(Collected data entries)
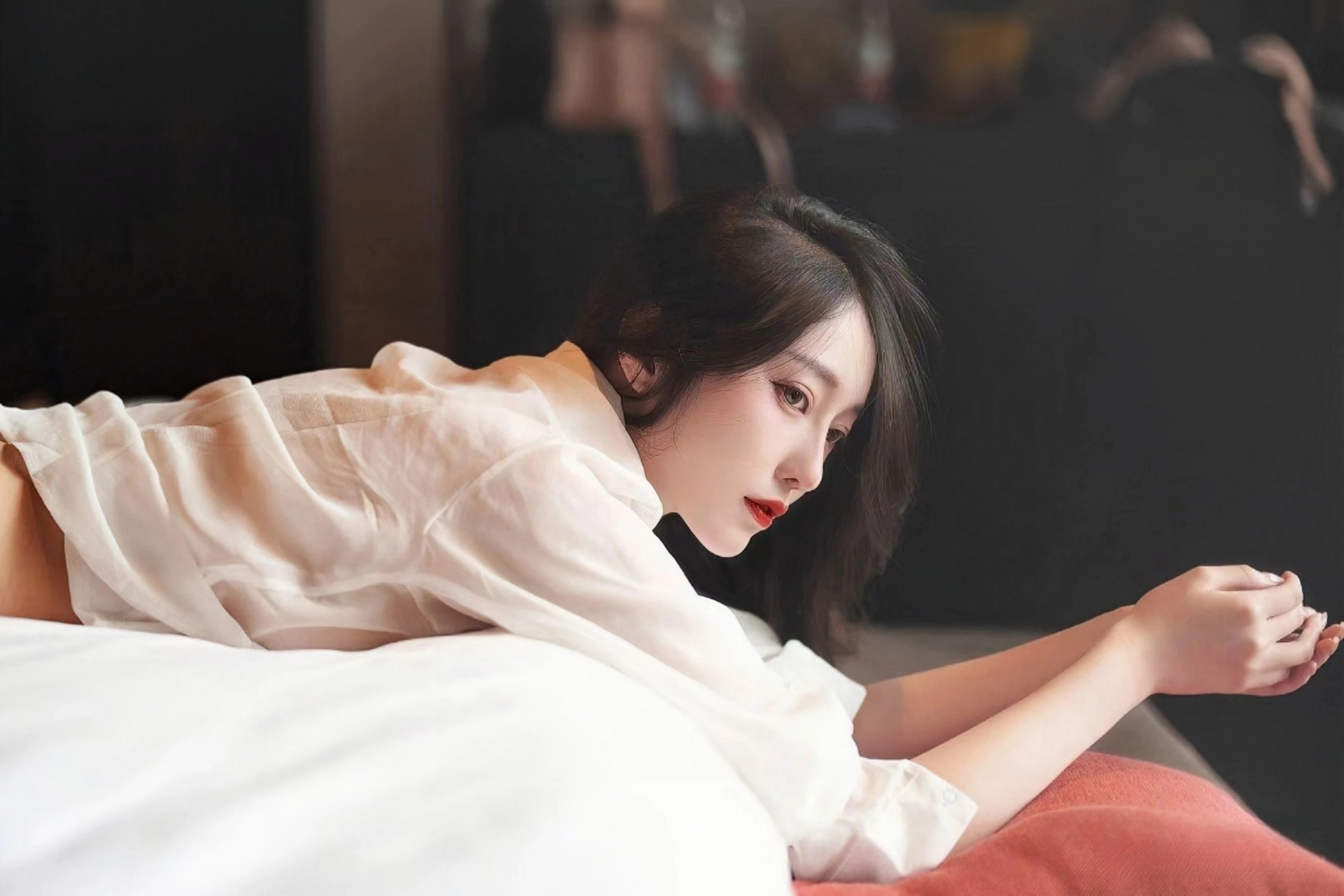 内蒙古二连浩特铁路口岸今年通行中欧班列突破2000列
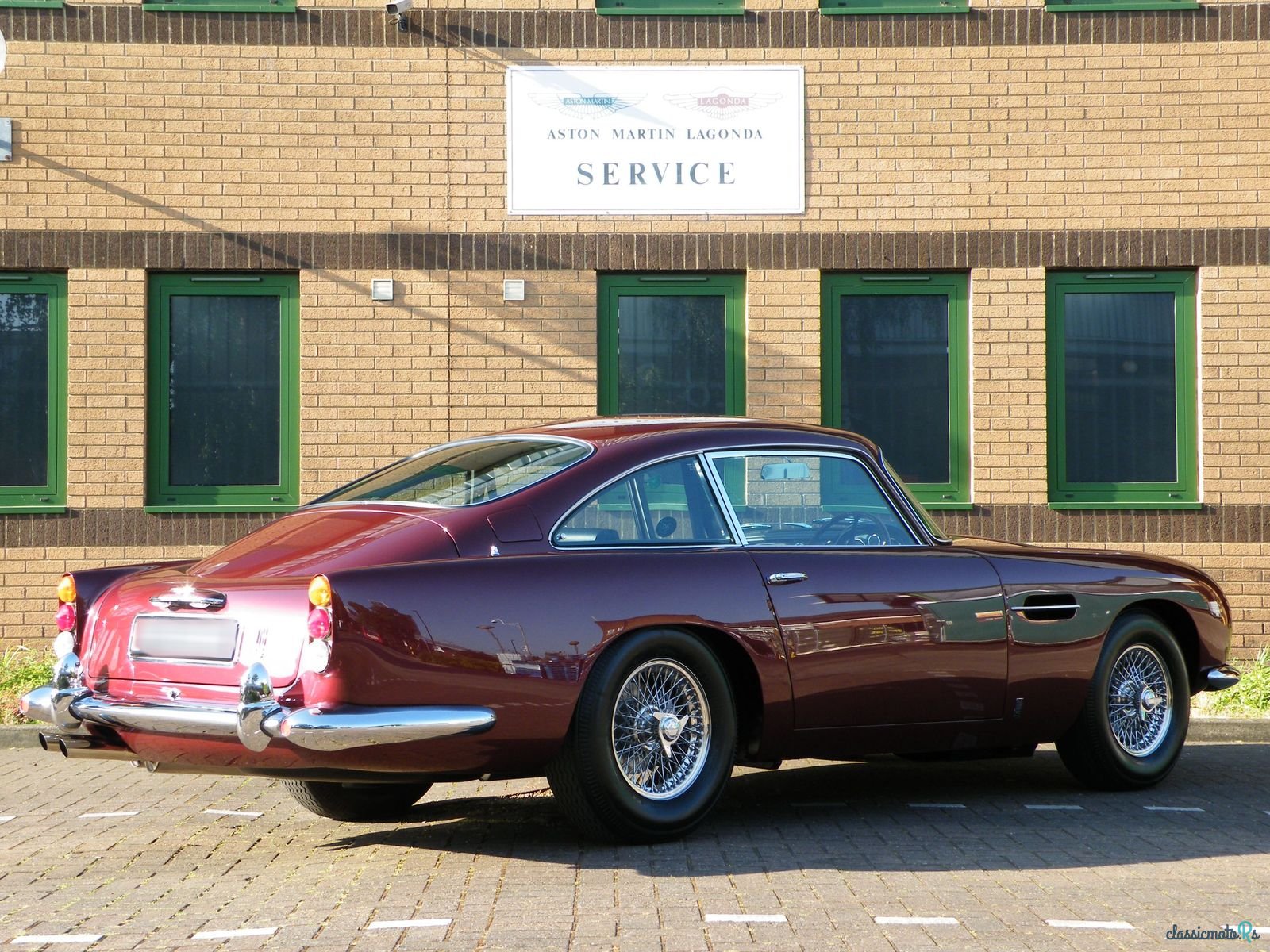 1965' Aston Martin DB5 photo #4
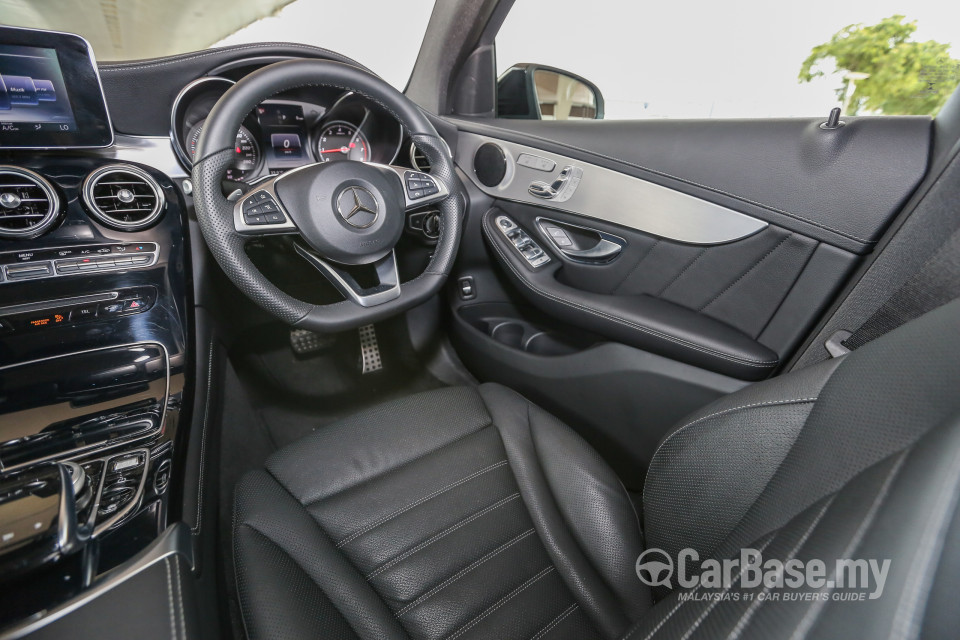 Mercedes-Benz GLC Coupe C253 (2016) Interior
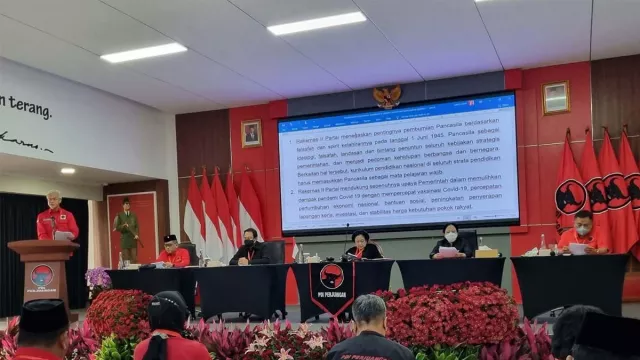Bacakan Hasil Rakernas PDIP, Ganjar: Capres Hak Megawati - GenPI.co JATENG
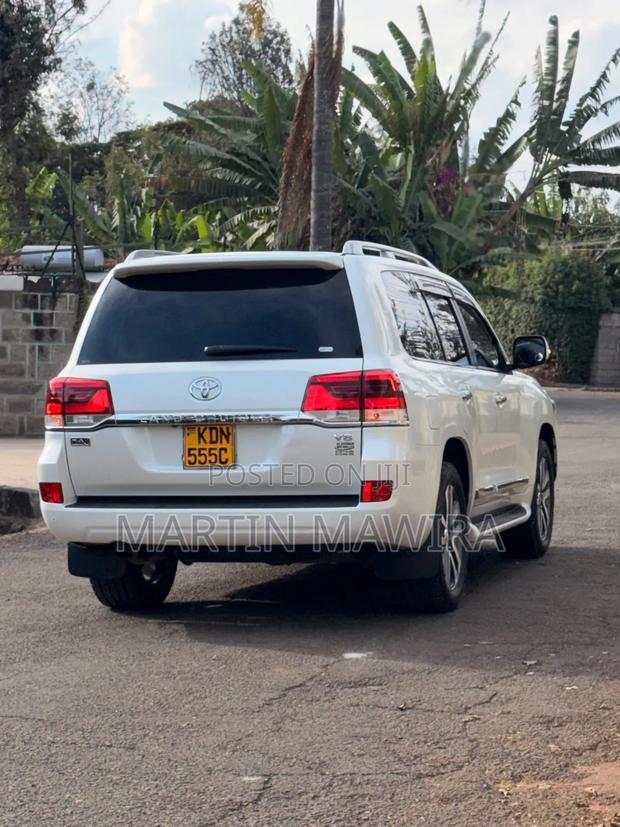 Toyota Land Cruiser Prado 2016 White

▸ **PROBLEM DETAILS**
From the first line to the last, copy the records above exactly and leave out the pictures.

▸ **TASK RESPONSE**
 内蒙古二连浩特铁路口岸今年通行中欧班列突破2000列
 1965' Aston Martin DB5 photo #4
 Mercedes-Benz GLC Coupe C253 (2016) Interior
Bacakan Hasil Rakernas PDIP, Ganjar: Capres Hak Megawati - GenPI.co JATENG
 Toyota Land Cruiser Prado 2016 White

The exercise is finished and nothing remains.